_TASK DIRECTIONS_. Repeat only the lines between the one with "Leather accented tiger's" and the end of the material below, both ends included. Omit any picture.

_INFORMATION SHOWN_.
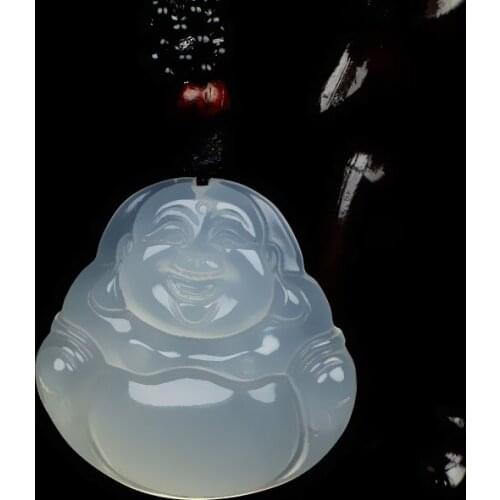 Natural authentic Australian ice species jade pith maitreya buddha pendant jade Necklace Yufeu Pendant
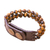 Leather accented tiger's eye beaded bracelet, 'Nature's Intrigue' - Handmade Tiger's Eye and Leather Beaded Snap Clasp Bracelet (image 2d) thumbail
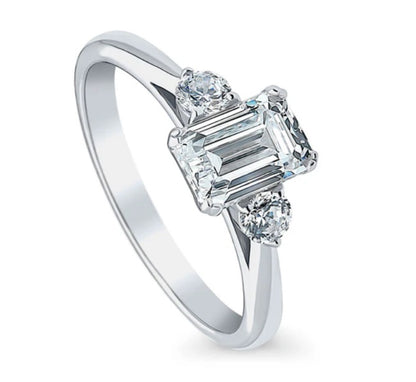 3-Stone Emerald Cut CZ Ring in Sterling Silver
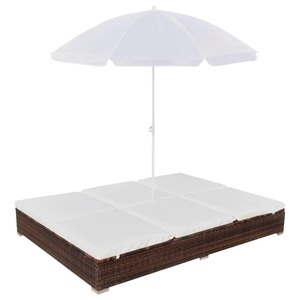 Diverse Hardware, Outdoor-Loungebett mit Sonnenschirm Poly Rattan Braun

_RESULT OF THIS EXERCISE_.
 Leather accented tiger's eye beaded bracelet, 'Nature's Intrigue' - Handmade Tiger's Eye and Leather Beaded Snap Clasp Bracelet (image 2d) thumbail
 3-Stone Emerald Cut CZ Ring in Sterling Silver
 Diverse Hardware, Outdoor-Loungebett mit Sonnenschirm Poly Rattan Braun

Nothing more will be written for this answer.